*Problem statement*. Whenever a picture appears in the listing below, leave it out, and copy exactly the lines from the one containing "DÚPLEX EN VENTA" through the end.

*Supplied data*.
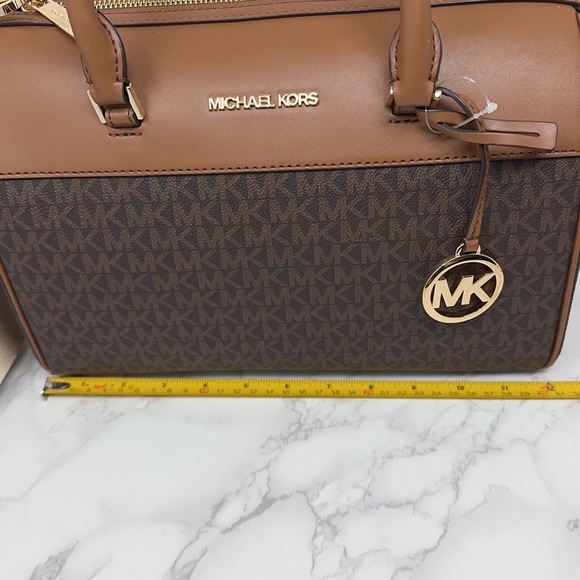 Michael Kors travel medium duffle bag - Picture 9 of 10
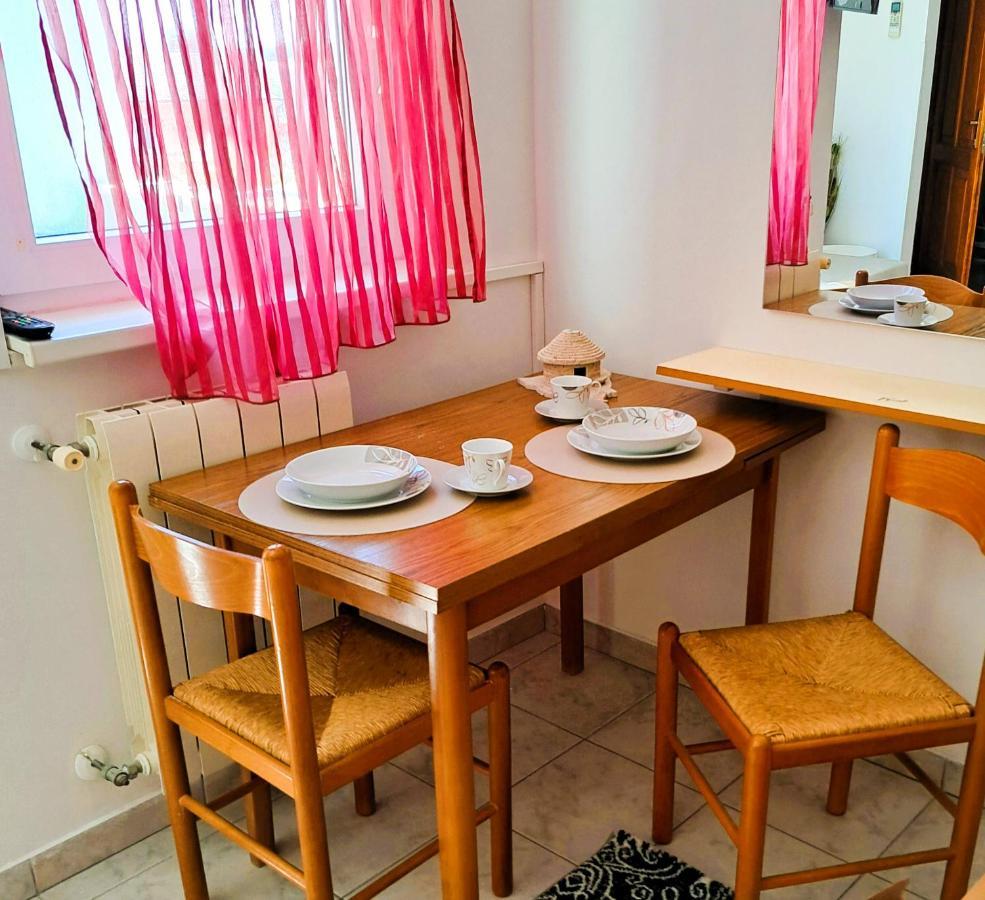 Studio Apartman Olivera Ровинь Экстерьер фото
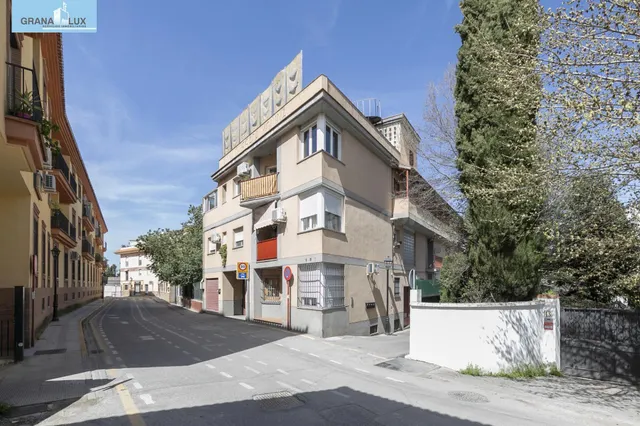DÚPLEX EN VENTA EN OGIJARES – AMPLITUD, COMODIDAD Y ESPACIOS - foto 4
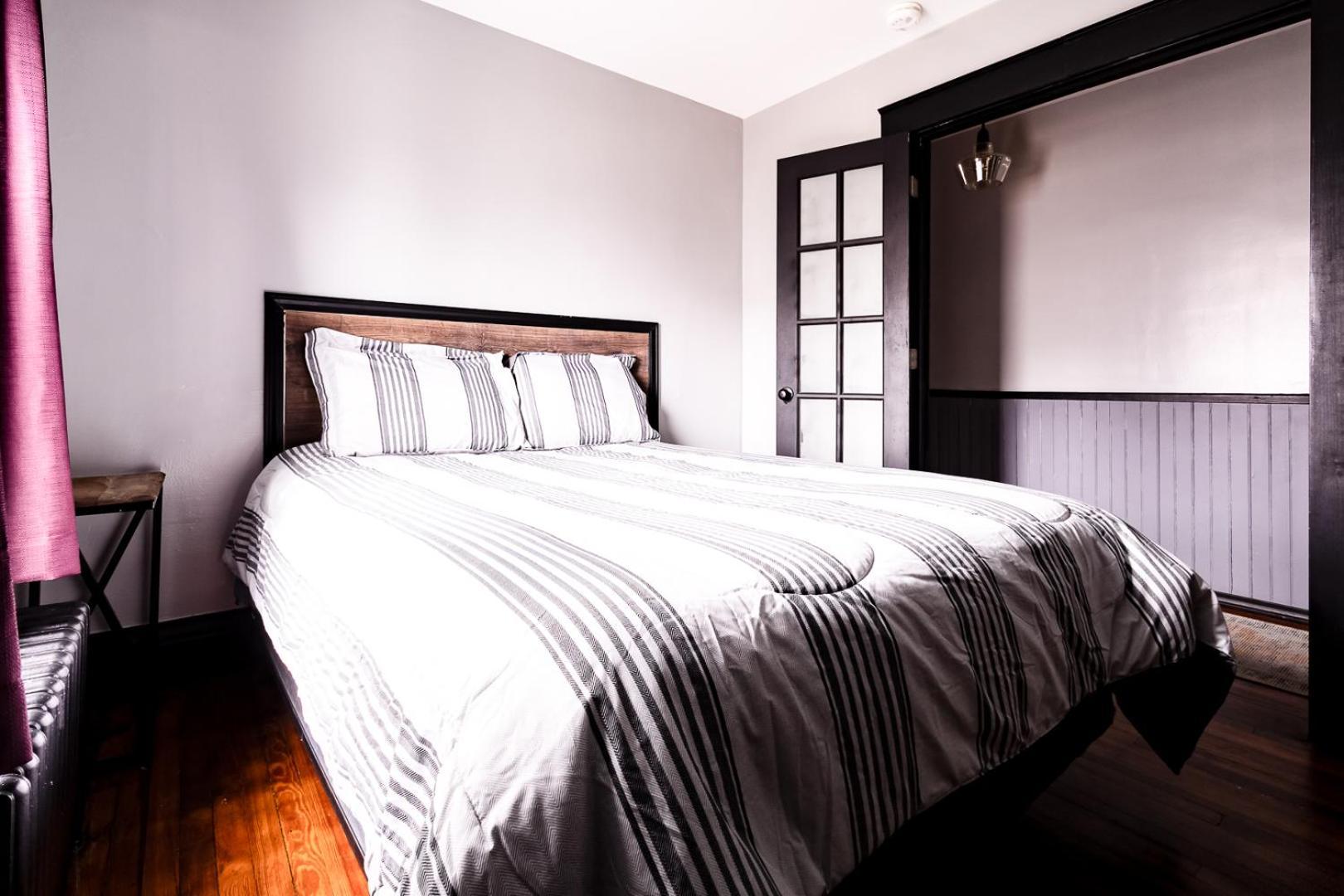 The Pub- 8Br Free Parking, Minutes From Falls & Casino Niagara Falls Extérieur photo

*Task answer*.
DÚPLEX EN VENTA EN OGIJARES – AMPLITUD, COMODIDAD Y ESPACIOS - foto 4
 The Pub- 8Br Free Parking, Minutes From Falls & Casino Niagara Falls Extérieur photo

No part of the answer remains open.